I nodded. Juan was a good guy who ran three teams out of Beantown. Former Army Intelligence. Very solid.
Church started to go, but I touched him on the arm.
“Church,” I said, “I know the world’s on fire, but take a moment. If Rudy was here, he’d tell you to—”
“Let me head you off at the pass, Captain. I am well aware that all of this puts a great deal of stress on me. I know that there is a danger of my judgment and clarity of mind being compromised by what’s happened to Circe and Aunt Sallie. This is not my first rodeo. This is hardly the first time I’ve had to deal with personal issues while still working a case. It would be nice to say that I am inexperienced at this sort of thing, but we both know that’s not the case.”
“Okay, so you got that part. Rudy would approve. But here’s the other thing. Circe is down, Rudy is down, Aunt Sallie is down. I was down for a day. This is more than a matter of us having to function under stress. I think that is part of the point. We know how devious the Seven Kings are. I see all this stuff happening, and I have to look at the timing. It’s more than a series of punches. They know we can take punches. Who better? No, this is like dodging punches while somebody is throwing firecrackers into the ring. It’s shock an awe.”
Church went over and sat down on the edge of the bed. “You think this is more than an attack on us?”
“I damn well do. Everything we know about the Kings’ MO is that they always have a hidden agenda. They love misdirection. They love coercion, and even though they aren’t strapping us to chairs with electrodes on our nuts, this is coercion. They’re hurting us by hurting the people we care about, and they know it has to have an impact.”
“Get to your point,” he said. “You’re drifting.”
“Maybe I’m not. I think they are trying to take us out of the game so that whatever they’re planning is something we won’t be ready or able to stop.”
Church nodded, and for a moment he seemed to go into his own head. I know that he would never admit to being shaken, but he was. So was I. Finally, he nodded to himself and stood, and he stood very tall. His energy seemed to fill the room, and the look in his eyes was as vicious and inflexible as a knife to the heart.
“Captain Ledger, if their intention was to remove us from the chessboard,” he said mildly, “they have failed.”
“Then let’s go kill the evil sons of bitches.”

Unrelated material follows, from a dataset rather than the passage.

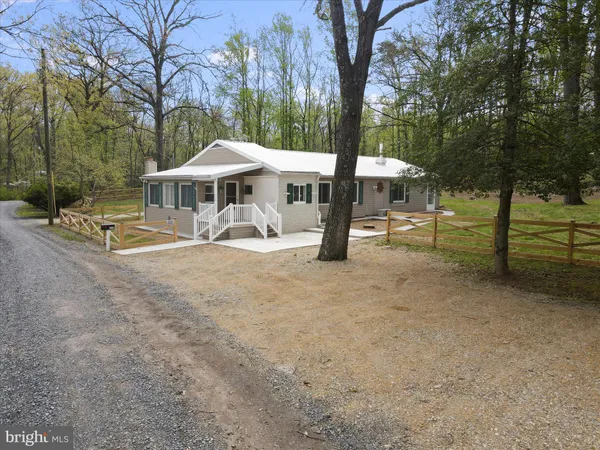 $339,900 | 112 Riverview Drive, Falling Waters, WV 25419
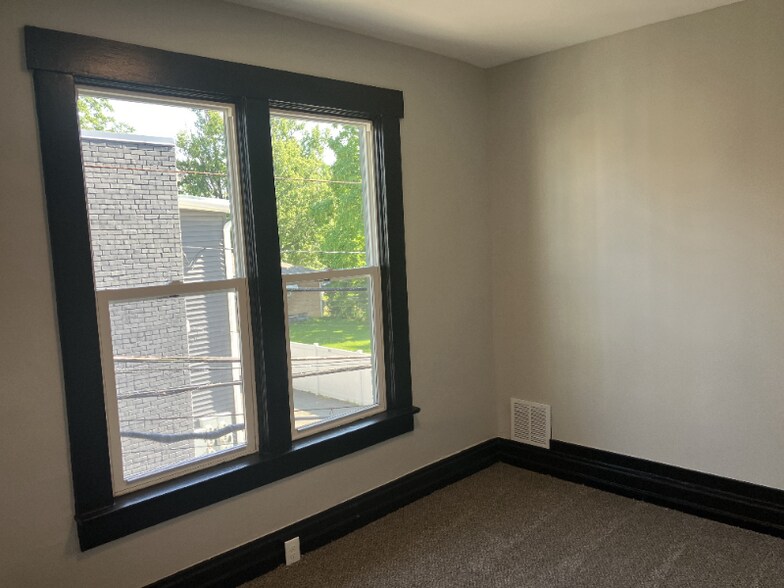 Building Photo - 326 Taylor Ave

“Yes,” he said quietly. “Let’s.”
I offered him my hand. “Good hunting,” I said to him.
He took my hand and shook it, and held it for a moment. “This is a time for clarity of purpose,” he said. “Not for mercy.”

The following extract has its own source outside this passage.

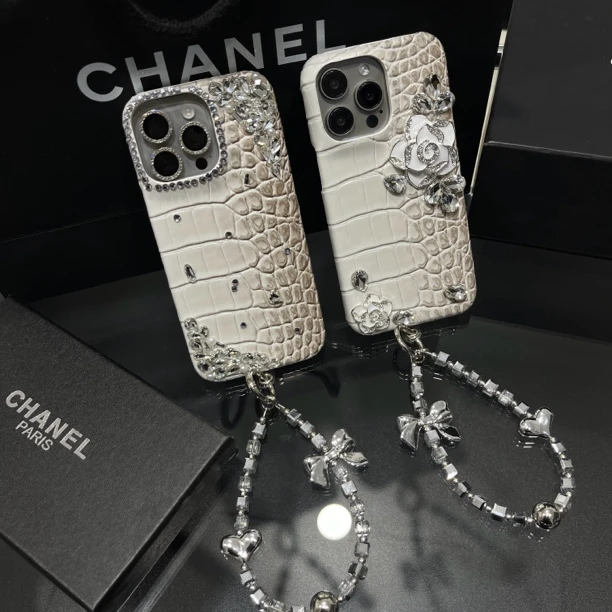 轻奢名媛风手工水钻半包手机壳适用苹果16promax/15/14/13prp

He gave my hand a final squeeze.
With that, he left.
Chapter Sixty-eight
Tanglewood Island
Pierce County, Washington
March 30, 6:56 P.M.
“I need to go to the bathroom,” said Doctor Davidovich.
The Gentleman ignored him; however, Pharos turned and smiled. They were sitting in a row—the burned man on the far end, swathed in bandages and connected to his wires and tubes, and Pharos and the scientist on his left. The two mercenaries stood fifteen feet behind the row in postures approximating parade rest. The screens on the walls were alive with noise and movement as the day continued to crack apart.

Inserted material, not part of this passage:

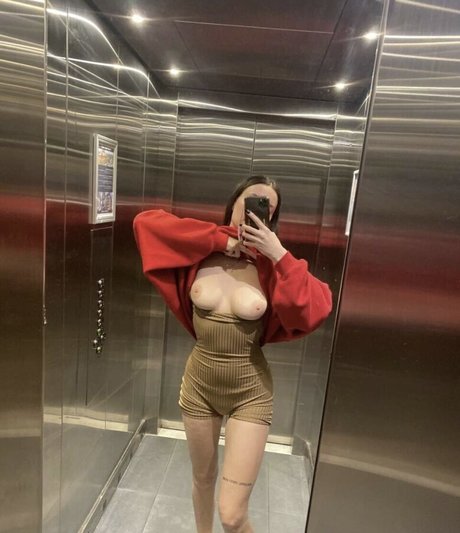 billieboss nudes star image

“Do I go by myself?” asked Davidovich. “Or—?”
Pharos allowed a slow smile to form on his face. “You’re one of us now, doctor. You don’t need to ask permission. Merely directions.” He gestured to the door. “Go out and left. Third door along the passage.”
Then he turned back to watch the screen.
He did not see Davidovich, but he could imagine the uncertainty, the fragile trust warring with horrible doubts on his face. That was fine. This was a teaching moment.
Pharos heard the scrape of the scientist’s chair, the hesitant footfalls as the man walked toward the door. The steadier, more confident pace as no one said anything or did anything to stop him. The door opened and closed.
After a moment, the Gentleman said, “You think he’s actually buying it?”
“Certainly,” said Pharos. “And why should he not? He is one of us.”
The Gentleman snorted. “Whatever that means.”
“Exactly,” agreed Doctor Pharos. “Whatever that means.”
They smiled at one another for a moment, both of them in perfect agreement for once. Then they turned back to watch the drama.
Chapter Sixty-nine
Thomas Jefferson Medical Center
Philadelphia, Pennsylvania
March 30, 7:02 P.M.
Church wasn’t halfway down the hall when I saw him stop to take another call. He looked at his phone like it was a friend who was betraying him.
He listened and then lowered the phone as if unable or unwilling to hear the rest of it. He stood that way for a long two seconds, then finished his call.
Finally, he turned and came walking back, his steps heavy, his face stern and sad.
“There’s more,” said Church.
“Circe—?”
“No. And not Junie, either.”
“Then—?”
“A bomb went off at the home of Bug’s mother,” he said. “She’s dead.”
I stared at him.
What do you say to that?
What can you say? Church told me what he knew. It wasn’t much, but it was too much. The most telling part was that one of the neighbors saw something fly in through her window. It wasn’t a bird. A model airplane.
A goddamn drone.
“Does … Bug know?” I asked.
Church shook his head. “I have to tell him.”
He stood up slowly and walked into the hallway again. For a moment he stood there, looking at his cell phone like it was something hateful. Something he wanted to smash and grind underfoot. Then he leaned one hand against the wall and made the call. I watched him, watched how pain and a shared grief changed his posture. He was the strongest person I knew, but no one is really Superman. No one. Aunt Sallie was his closest confidante and oldest friend. I didn’t like her at all, but at that moment I was feeling pain, too. I could only imagine what Church was going through. The doubt, the fear, that clenching of the soul as you prepare for the worst.
And Bug.
Christ.
We all loved Bug. He was the kid we all wished we could still be. He was the innocent heart and soul of the DMS. This was going to kill him. Crush him. Maybe extinguish the light that burned in him. The light we all hovered next to in order to rekindle our own optimism.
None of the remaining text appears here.